In fact, my dad has called me his buddy all of my life, and to this day, he’ll throw his arm around my neck and whisper in my ear, “You’re still my buddy, aren’t you?” Yes, a thousand times yes.
This week Dad turned 78 years old – it just doesn’t hardly seem possible. I’m so grateful that he is still healthy, mischievous, and full of life. In lots of ways, I’m his mini me. From the awkward gate of my flat-footed walk to my wacky offbeat sense of humor. Truth is, there is nothing I love to do more than get him belly laughing and crying over the silliest of sillies.
Even growing up, I could wiggle myself out of trouble with the slightest of smiles. More than once I got Dad to crack up, only to say, “Hey Dad, you can’t punish me if you’re laughing at me.” We’d crumble into a heap of giggles. Bless my poor mother, as this is not when she found either of us amusing, trust me. Dad’s soft spot meant mom had to be the disciplinarian, and I’m so grateful she was.
Dad had to travel a lot for work, but when he was home he was a one-man jungle gym and entertainment center. I rode on his back to bed while he whinnied and neighed, most of the time busting up into giggles before we could make it down the hall.
He’d take me to his work as a mechanics training instructor on the weekends, where I’d set up his classroom, draw love notes on the board, and wheel around the shop on the creeper. To this day the smell of grease and old books is a smell uniquely dad.
Probably the greatest legacy he has given me is my love of all things four-legged. I swear that man would live in a barn and sleep on a bale of hay to be near a horse. He loves to blow in their noses and soak up their scent. He’s got a calm around the critters that I appreciate.
He’s our resident ranch hand around the farm when we need a watchful eye over the critters. On those rare instances when Cowboy has not been here, I’ve called Dad to help me put medicine in a horse’s eye, de-skunk a dog (seriously not fun AT ALL), and even kill a snake or two.
Truth is that Cowboy and I took the risk to buy the farm because of stories Dad told about how he wanted to live in the country, but never quite got all the way there. How in life sometimes you have to take a risk, so you don’t look back and wish you had. We’ve had the land 10 years this summer and lived here for 7, and I really can’t imagine it any other way. Another one of dad’s telltale fingerprints on my life.
There are moments when I become fully aware of just how precious life is, and overwhelmed with gratitude for the rock my parents have always been. Don’t get me wrong, life is not perfect. We’ve had our arguments, hurt feelings, and frustrations, but above all I have always known how much I am loved. For that, I am eternally grateful.
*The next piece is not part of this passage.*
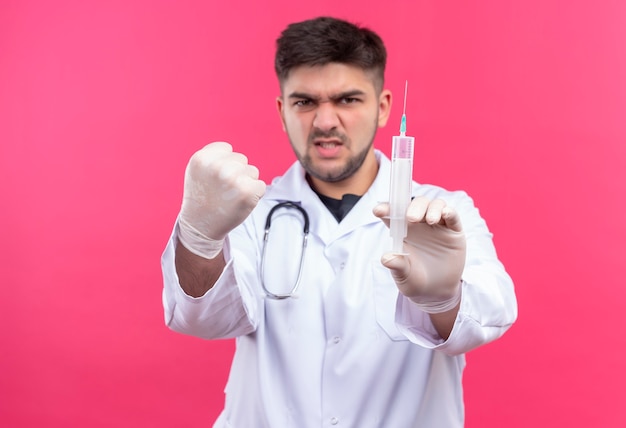 Junger hübscher Arzt, der weiße medizinische Handschuhe des weißen medizinischen Kleides und Stethoskop trägt, das mit einer Injektion droht, die über rosa Wand steht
So as my dear dad starts his 79th trip around the sun this year, I watch in awe and wander at his kindness, his humor, and his love. There is none other quite like him, and I’m so blessed that he is my dad. Momma has often called us the mutual admiration society, proclaiming that to be a member you must think the other walks on water. And I guess that is true. I love you, buddy!
2 thoughts on “The Mutual Admiration Society”
Wonderful, Tammy! ❤️ Time with our parents is so very precious. Counting my blessings …
Thank you so much. You are indeed correct! Blessings to you!